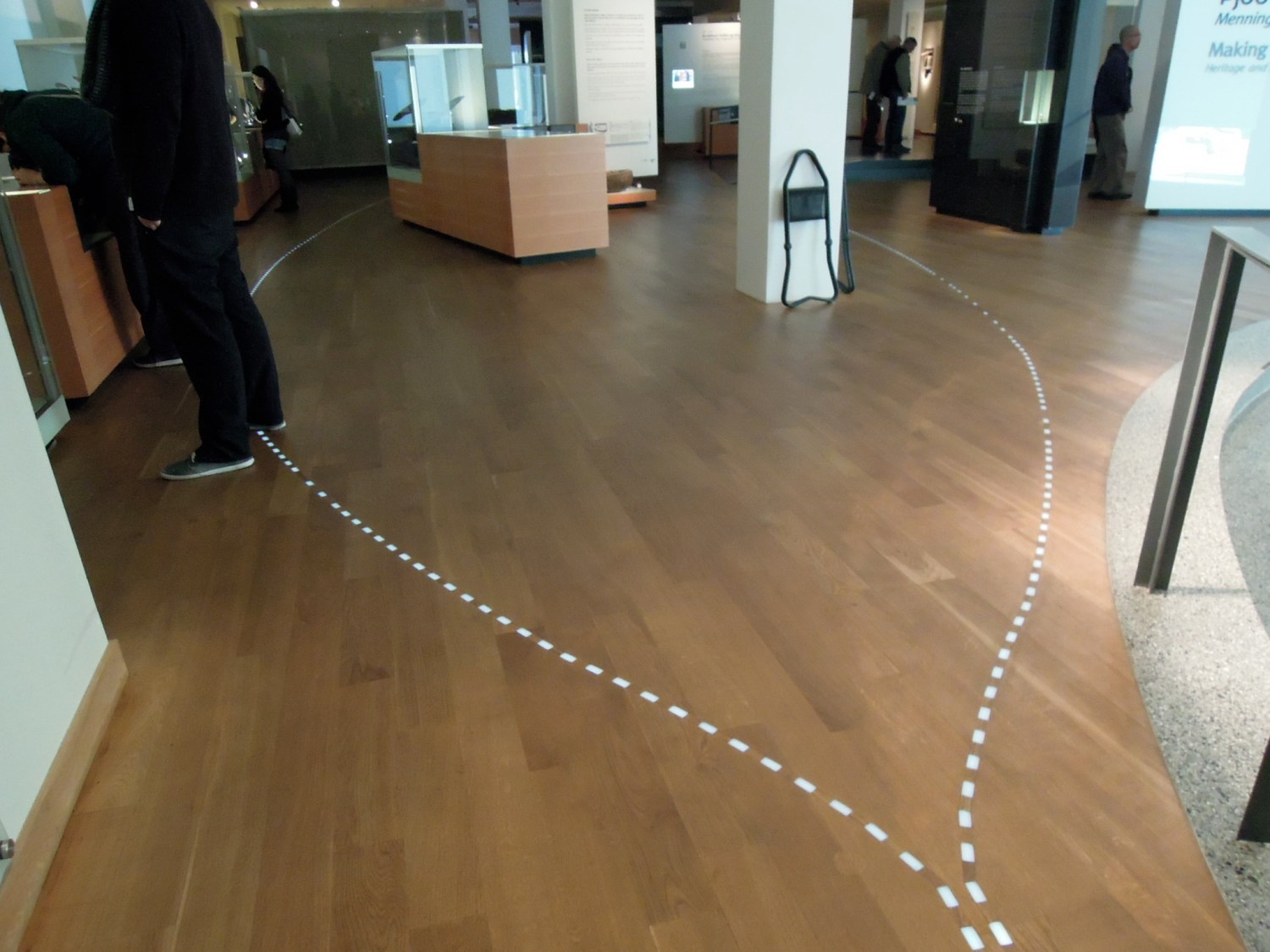 Outline showing the size of the earliest settlers' boats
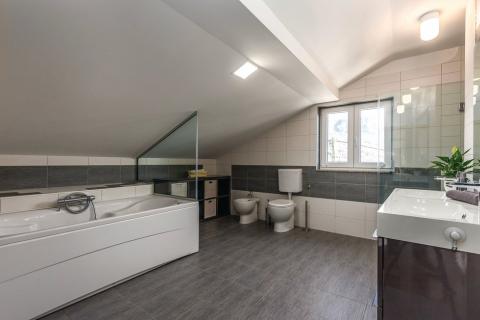 Crikvenica, Bribir - Kuća s  dva stana i bazenom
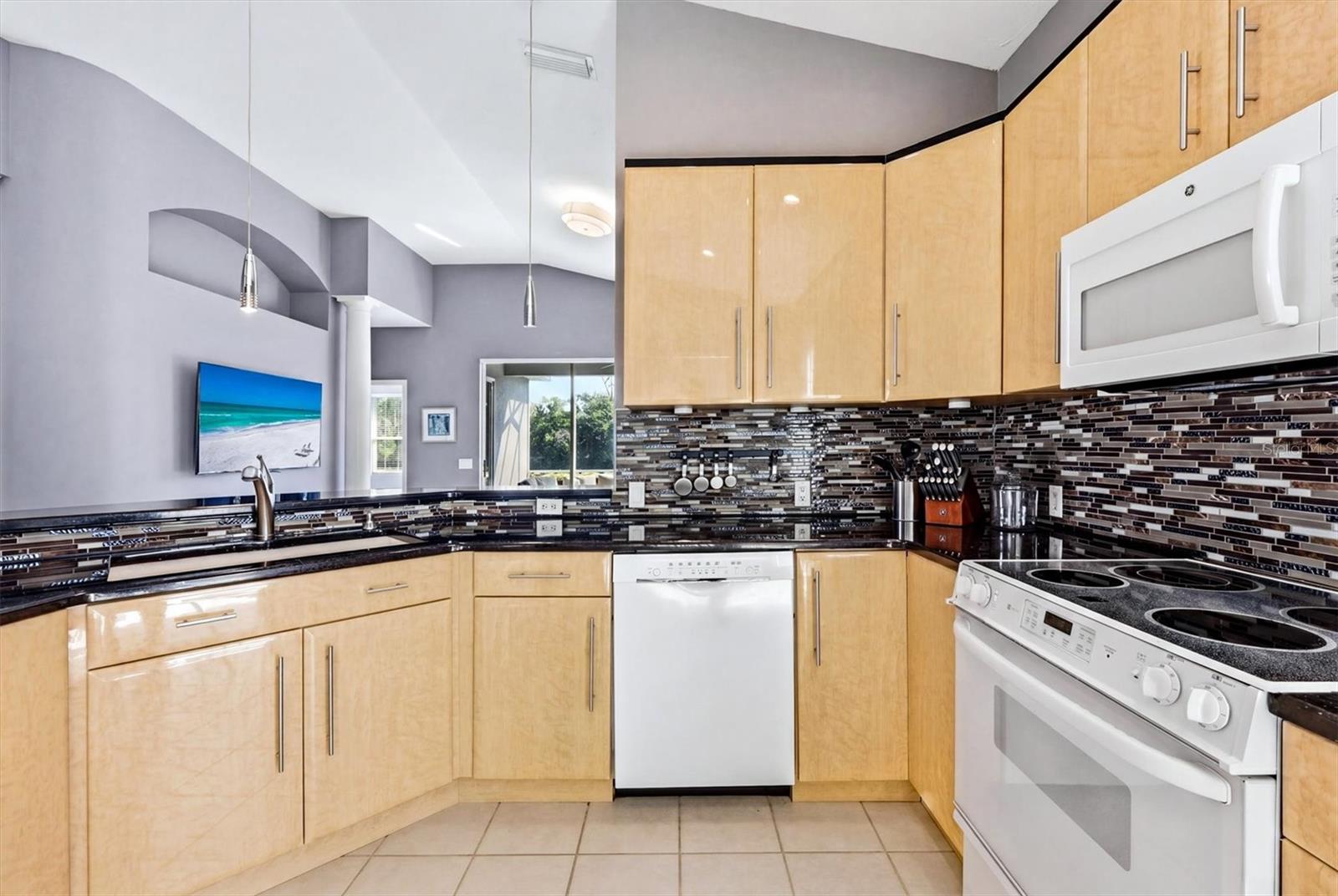 Image 14 of 57 For 7131 Kensington Court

━━━━━━━━

WHAT NEEDS TO BE DONE >> Print out all the material word for word but exclude any images.

FINISHED EXERCISE >>
 Outline showing the size of the earliest settlers' boats
 Crikvenica, Bribir - Kuća s  dva stana i bazenom
 Image 14 of 57 For 7131 Kensington Court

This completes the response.